Try it: Copy out all lines in the data below containing the string "media".

[Dataset records]
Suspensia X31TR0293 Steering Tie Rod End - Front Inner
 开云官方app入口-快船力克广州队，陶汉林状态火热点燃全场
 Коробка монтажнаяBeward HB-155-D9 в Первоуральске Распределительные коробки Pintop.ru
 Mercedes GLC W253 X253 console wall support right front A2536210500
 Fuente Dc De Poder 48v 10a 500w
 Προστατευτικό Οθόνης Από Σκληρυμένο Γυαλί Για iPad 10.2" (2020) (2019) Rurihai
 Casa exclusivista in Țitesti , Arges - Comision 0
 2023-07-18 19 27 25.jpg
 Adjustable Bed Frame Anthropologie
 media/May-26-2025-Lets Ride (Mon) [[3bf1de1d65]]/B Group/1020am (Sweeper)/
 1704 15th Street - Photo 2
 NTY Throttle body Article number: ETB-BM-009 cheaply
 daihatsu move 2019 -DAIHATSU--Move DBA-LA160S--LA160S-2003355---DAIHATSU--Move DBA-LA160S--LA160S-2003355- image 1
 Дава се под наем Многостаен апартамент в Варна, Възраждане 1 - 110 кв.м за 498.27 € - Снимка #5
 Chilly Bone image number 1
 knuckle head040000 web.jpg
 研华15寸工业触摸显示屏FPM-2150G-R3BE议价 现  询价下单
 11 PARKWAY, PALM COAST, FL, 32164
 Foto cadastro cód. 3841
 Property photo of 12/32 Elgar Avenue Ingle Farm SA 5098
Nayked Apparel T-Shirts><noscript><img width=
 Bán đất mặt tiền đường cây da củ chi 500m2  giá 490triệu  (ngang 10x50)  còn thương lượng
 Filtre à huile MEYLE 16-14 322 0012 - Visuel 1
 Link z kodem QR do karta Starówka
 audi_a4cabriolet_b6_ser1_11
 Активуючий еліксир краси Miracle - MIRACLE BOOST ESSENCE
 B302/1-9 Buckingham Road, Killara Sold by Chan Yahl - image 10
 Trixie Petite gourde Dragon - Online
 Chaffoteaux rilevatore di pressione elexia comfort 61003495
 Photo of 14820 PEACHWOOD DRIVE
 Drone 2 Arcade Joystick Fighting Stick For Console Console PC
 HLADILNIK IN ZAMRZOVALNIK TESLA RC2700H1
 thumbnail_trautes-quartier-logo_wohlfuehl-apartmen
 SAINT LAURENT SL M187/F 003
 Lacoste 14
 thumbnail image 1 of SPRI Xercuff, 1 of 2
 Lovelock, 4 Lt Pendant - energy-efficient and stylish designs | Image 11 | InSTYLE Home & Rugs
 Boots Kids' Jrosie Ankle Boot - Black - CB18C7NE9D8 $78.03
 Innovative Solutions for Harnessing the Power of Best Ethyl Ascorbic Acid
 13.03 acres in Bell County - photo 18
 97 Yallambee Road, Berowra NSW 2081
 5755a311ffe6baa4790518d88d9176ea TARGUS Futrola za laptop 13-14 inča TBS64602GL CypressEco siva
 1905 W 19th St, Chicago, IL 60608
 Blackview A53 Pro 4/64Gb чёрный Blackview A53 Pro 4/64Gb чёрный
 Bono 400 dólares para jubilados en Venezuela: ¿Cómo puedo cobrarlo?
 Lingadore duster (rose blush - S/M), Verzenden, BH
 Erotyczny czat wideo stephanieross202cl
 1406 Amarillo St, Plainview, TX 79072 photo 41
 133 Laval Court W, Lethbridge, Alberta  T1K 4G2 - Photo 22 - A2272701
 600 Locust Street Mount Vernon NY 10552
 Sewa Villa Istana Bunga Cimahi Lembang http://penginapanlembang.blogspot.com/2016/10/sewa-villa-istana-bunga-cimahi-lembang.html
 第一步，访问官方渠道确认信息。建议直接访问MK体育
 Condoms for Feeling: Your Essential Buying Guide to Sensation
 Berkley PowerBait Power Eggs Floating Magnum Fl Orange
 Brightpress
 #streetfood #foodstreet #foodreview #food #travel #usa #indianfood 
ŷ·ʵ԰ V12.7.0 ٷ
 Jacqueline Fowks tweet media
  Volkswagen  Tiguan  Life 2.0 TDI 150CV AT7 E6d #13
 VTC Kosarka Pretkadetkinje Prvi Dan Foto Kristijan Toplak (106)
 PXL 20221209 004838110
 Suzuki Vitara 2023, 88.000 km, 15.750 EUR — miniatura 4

Solution to this task:
 media/May-26-2025-Lets Ride (Mon) [[3bf1de1d65]]/B Group/1020am (Sweeper)/
 Jacqueline Fowks tweet media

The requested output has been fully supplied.